*** Records shown ***

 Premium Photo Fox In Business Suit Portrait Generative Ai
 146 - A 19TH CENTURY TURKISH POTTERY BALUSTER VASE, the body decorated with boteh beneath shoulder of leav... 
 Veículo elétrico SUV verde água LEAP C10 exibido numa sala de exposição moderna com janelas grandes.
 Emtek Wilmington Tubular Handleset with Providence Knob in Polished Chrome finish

***
*** Records shown ***

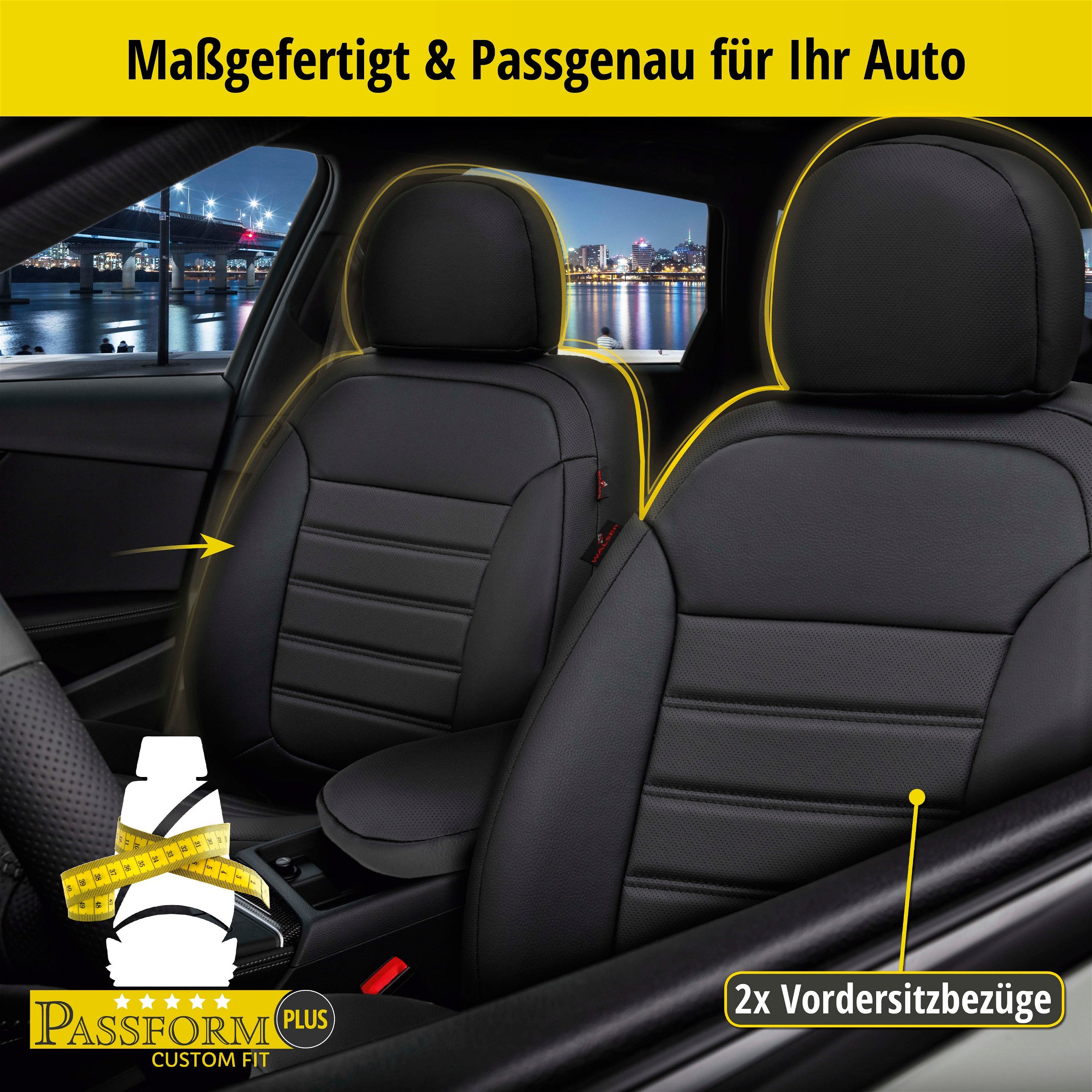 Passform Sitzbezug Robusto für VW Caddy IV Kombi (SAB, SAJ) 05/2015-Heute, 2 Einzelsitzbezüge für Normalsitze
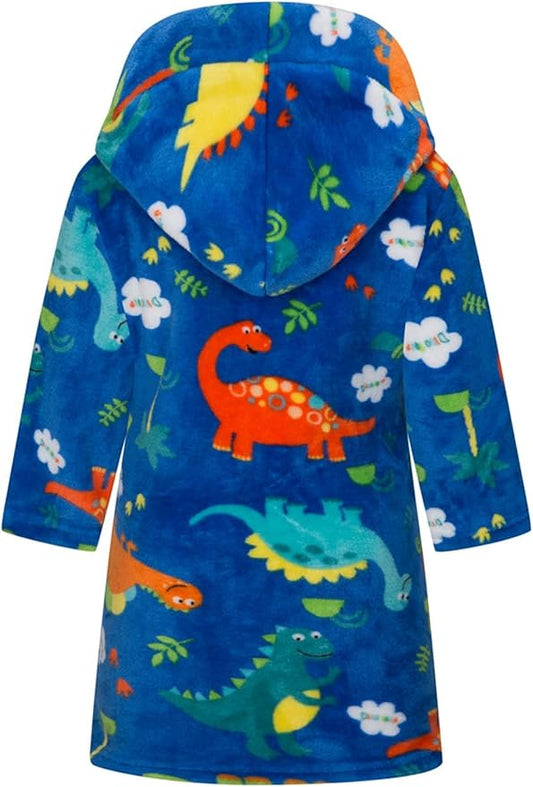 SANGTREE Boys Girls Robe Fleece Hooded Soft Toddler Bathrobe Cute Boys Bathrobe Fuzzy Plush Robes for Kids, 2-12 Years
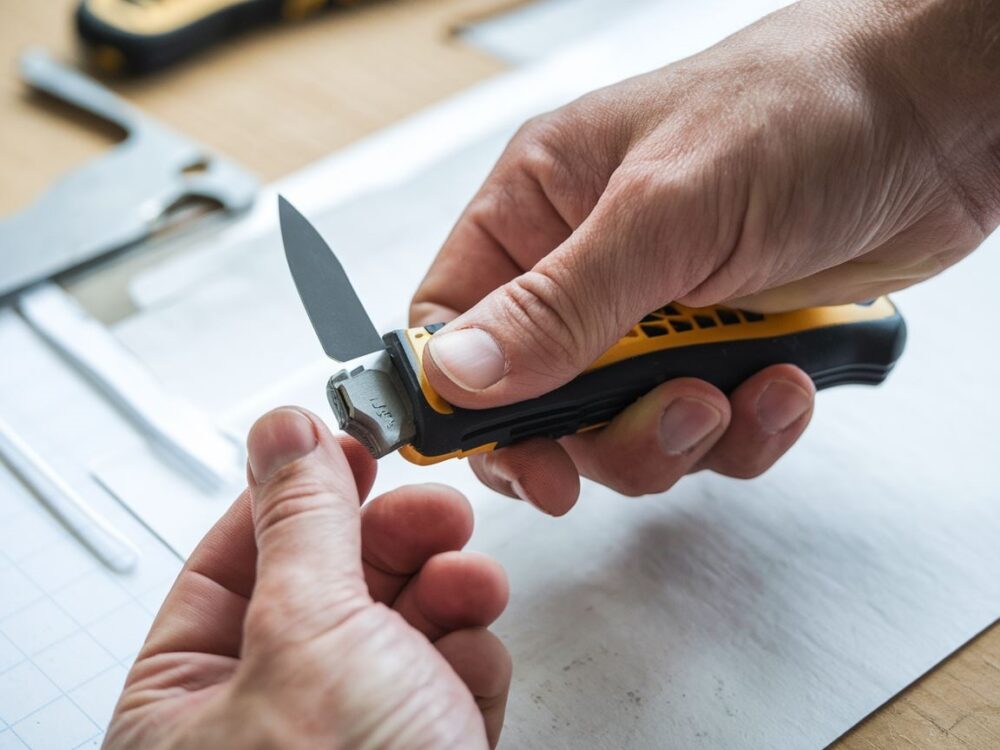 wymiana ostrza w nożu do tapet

***

Activity:
Reproduce the lines above, beginning at the line with "Premium Photo Fox" and stopping after the line with "146 - A 19TH", exactly as they are.

Exercise result:
 Premium Photo Fox In Business Suit Portrait Generative Ai
 146 - A 19TH CENTURY TURKISH POTTERY BALUSTER VASE, the body decorated with boteh beneath shoulder of leav... 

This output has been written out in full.